А напечататься — это было целой проблемой. Борис пробивался в «Урал» с 1992 года. И, наконец, его напечатали только в 1995-м. Чтобы напечататься в «Звезде», нужно было иметь какое-то отношение к Питеру; Боря его не имел, а ему очень хотелось там опубликоваться, и это был единственный журнал, в котором он кого-то знал, с которым был связан. Тогда его знакомым из литературы за пределами Урала был только Саша Леонтьев. А Боре было двадцать лет. И все эти советские штуки работали: надо было, чтобы старший поэт тебе помог, надо было терпеливо, иногда годами, ждать.
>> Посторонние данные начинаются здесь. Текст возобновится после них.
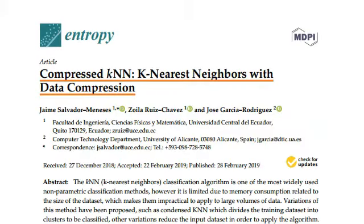Compressed KNN: K nearest neighbors with data compression. In this presentation, our goal is to offer you a quick summary of the research and conclusions. Please follow the links to review the research in further detail. Thanks to all the authors and publishers for making this research public, thereby advancing science and innovation.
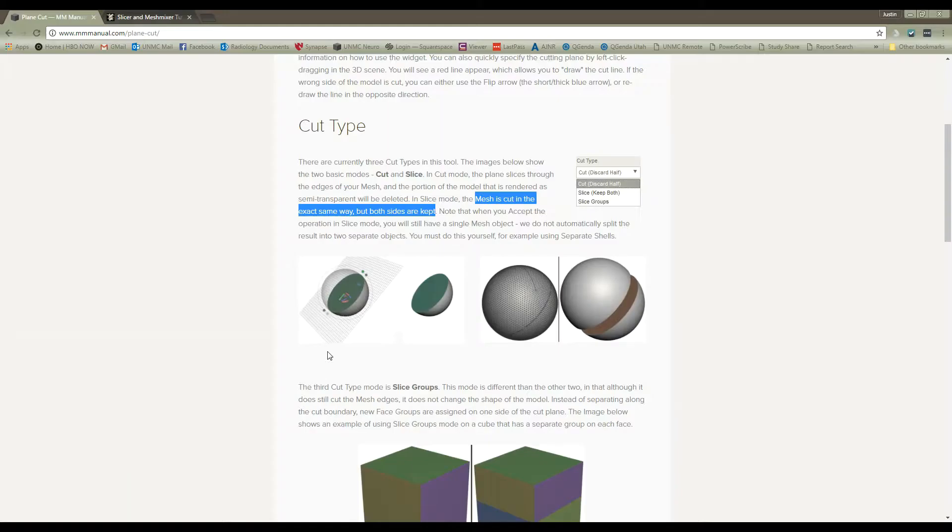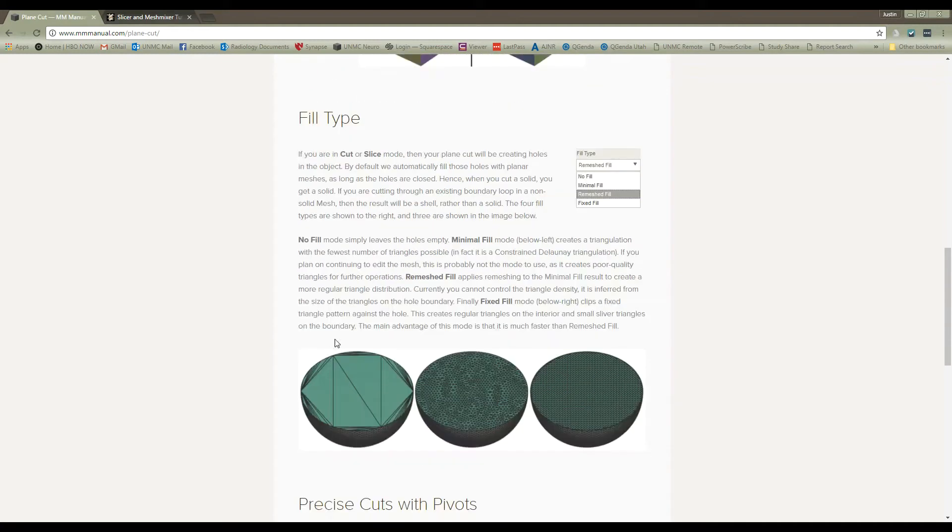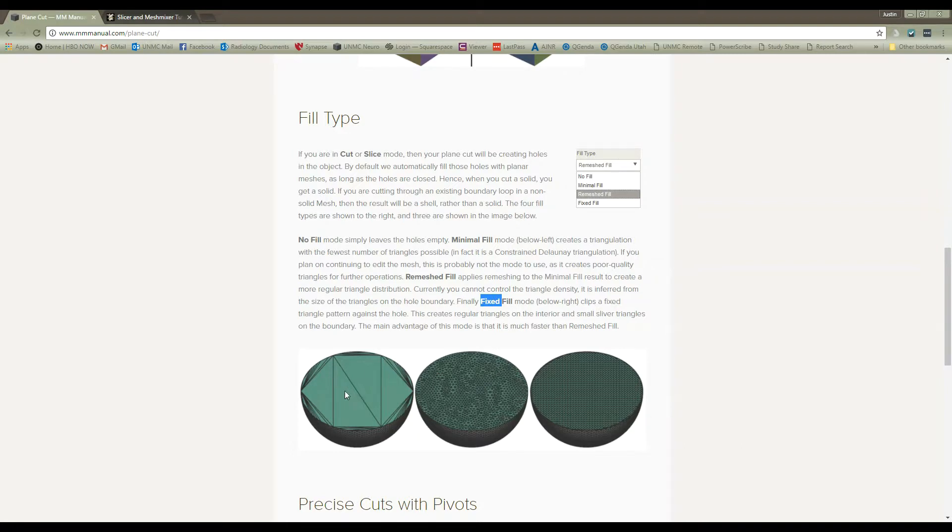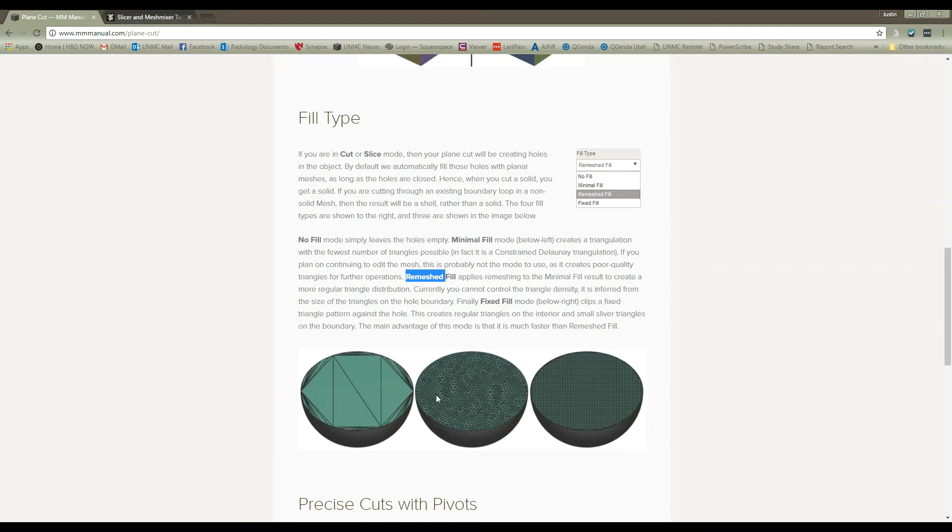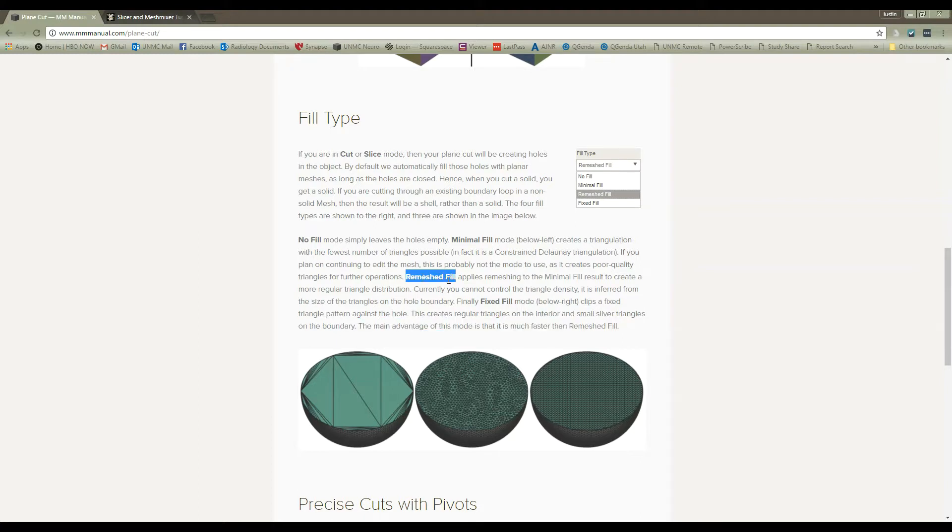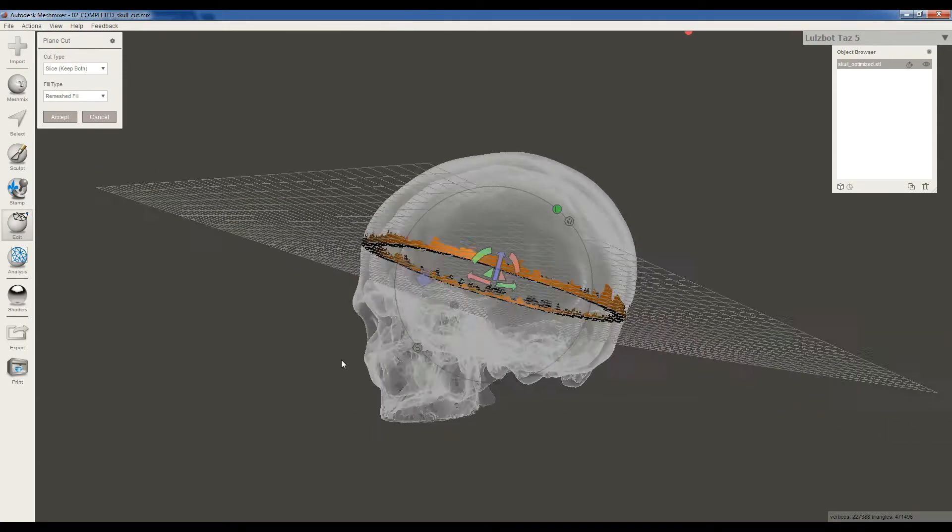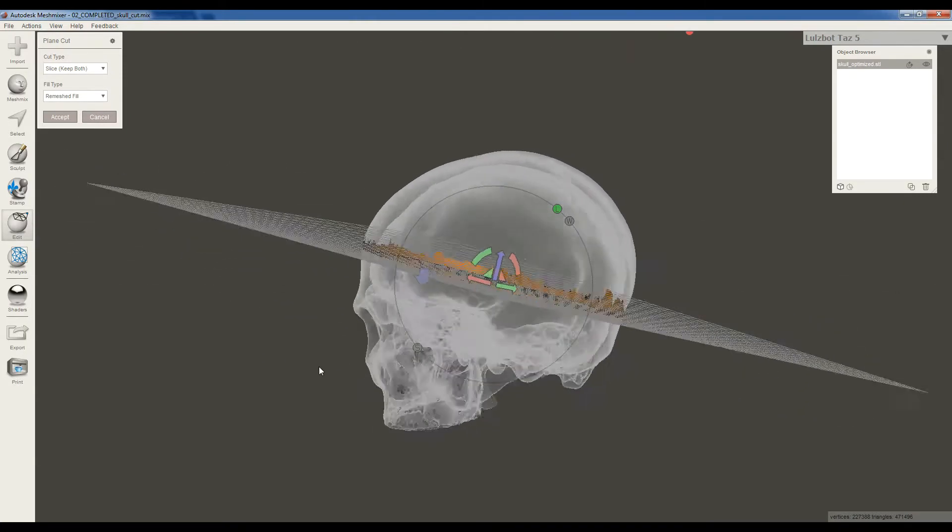And then if we look at the different Fill Types, you can see there's Minimal Fill, Remeshed Fill, and Fixed Fill. Minimal Fill is going to give you the least possible number of triangles. It's not exactly what we want. Remeshed Fill is going to give you a pretty clean, good resolution fill of that hole you're going to make when you cut the skull. And then Fixed Fill, the main advantage is that it's faster than Remeshed Fill. Well, we're not in a hurry, so we can just use the good one, okay? So let's do Slice Keep Both and Remeshed Fill. We have our plane lined up nicely.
Сейчас этого всего нет: классно, если тебя лайкнет или прокомментирует кто-то из мэтров, но, собственно, и что?.. А тогда это влияло на судьбу.

— В некоторых интервью тех, кто его знал, мелькают мнения вроде «Парень так хотел славы, что на всё был готов». Насколько это неверно в случае Рыжего?
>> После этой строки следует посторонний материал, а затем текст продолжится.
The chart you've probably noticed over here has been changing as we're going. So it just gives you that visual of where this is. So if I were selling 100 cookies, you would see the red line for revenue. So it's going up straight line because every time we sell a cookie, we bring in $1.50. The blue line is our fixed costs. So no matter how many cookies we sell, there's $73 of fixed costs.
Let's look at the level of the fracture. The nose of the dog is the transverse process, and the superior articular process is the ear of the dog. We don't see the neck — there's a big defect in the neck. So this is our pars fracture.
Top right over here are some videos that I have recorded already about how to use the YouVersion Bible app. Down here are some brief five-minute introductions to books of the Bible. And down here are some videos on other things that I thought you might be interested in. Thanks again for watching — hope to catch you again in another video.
— Он не был на всё готов, но он был и не дурак. Он, скажем, открывал журнал, где его не печатали, и видел там совершенно чудовищные стихи своего ровесника, поэта X. И он понимал, что дело не в стихах, а в какой-то системе, в какой-то игре. И вот он приезжает в Питер, а там это повторяется: «Да, мы видели Ваши стихи, но ещё не прочитали…». Месяц проходит, он опять звонит, а они всё ещё не прочитали. Это советская тема — я не знаю, Боря, столкнулись Вы с ней или нет?..
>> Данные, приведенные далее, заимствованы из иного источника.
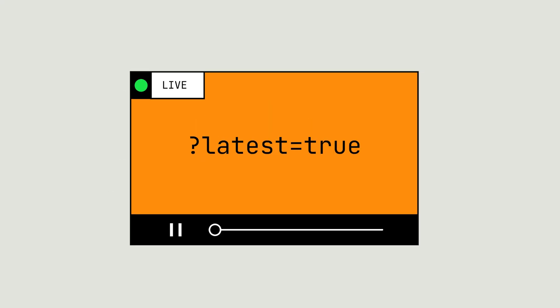Hey, Phil from Mux here. We build video infrastructure that any developer can leverage to build amazing video experiences on their website. I'm here with a quick demo of how you can use one of our new features, latest thumbnails, to analyze and moderate the content that's coming from your live streams using AI. Let's take a look.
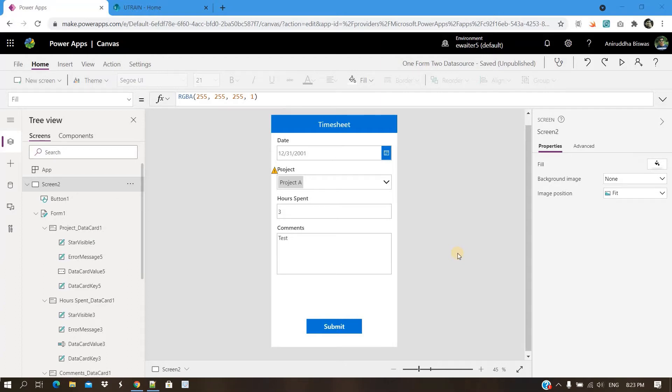Hello everyone, this is Anirudh. Today I will show you how you can connect two SharePoint lists in one single PowerApps form.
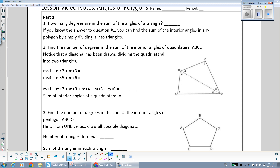The sum of the angles in any triangle will always add up to 180 degrees. What we're going to talk about in this video is finding the sum of the angles in any polygon, even if it's not a triangle and has more than three sides.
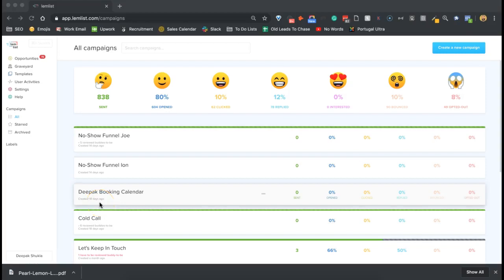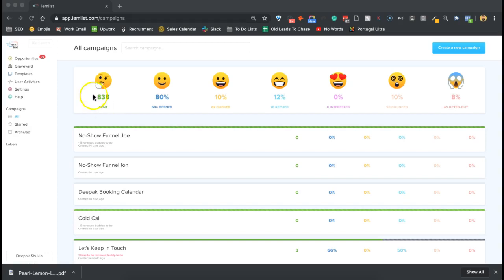Hey guys, how you doing? I want to show you some of the amazing results that we get internally for our actual outreach campaigns. This is using the outreach tool called Lemlist. As you can see, there's been 838 emails sent. We've got an 80% open rate, a 10% click rate,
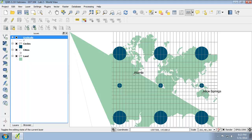The Eckert IV map projection is an equal area pseudo cylindrical map projection with straight, parallel latitude lines and equally spaced meridians. Shape distortion does increase toward the poles though.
— Конечно, в полной мере. Это же в толстых журналах до сих пор: часто не хочется отправлять стихи, потому что знаешь, что будет такая волынка. Отправляешь в журнал меньшего калибра – зная, что там примут с душой.

— Вот видите, эта стена, оказывается, до сих пор существует. Но сейчас можно сделать подкоп или её перелететь. Можно публиковаться в Интернете, и, в принципе, читателей будет не меньше. А тогда надо было играть по правилам. Борис не хотел играть по правилам: он знал себе цену, видел, что его стихи как минимум не хуже, чем у тех, кто публикуется в журналах. И понятно, что он обижался и злился. В «Звезде» он ждал больше года, его мурыжили. Не потому, что плохой журнал или в нем работают изверги, — вовсе нет. Просто так было устроено, это была норма. Ждали месяцами, годами. Сейчас журналы стали работать оперативнее.

Так вот, потом Саша Леонтьев показал Борины стихи Кушнеру, попросил помочь. АС написал на конверте: «Прошу обратить внимание». Он был членом редакционного совета «Звезды» и отдал эту подборку через голову Пурина кому-то из соредакторов (думаю, Алексей Арнольдович раскусил маневр и смеялся). И только тогда дело сдвинулось с мёртвой точки. Тогда ждали все, но первая публикация представлялась вопросом жизни и смерти.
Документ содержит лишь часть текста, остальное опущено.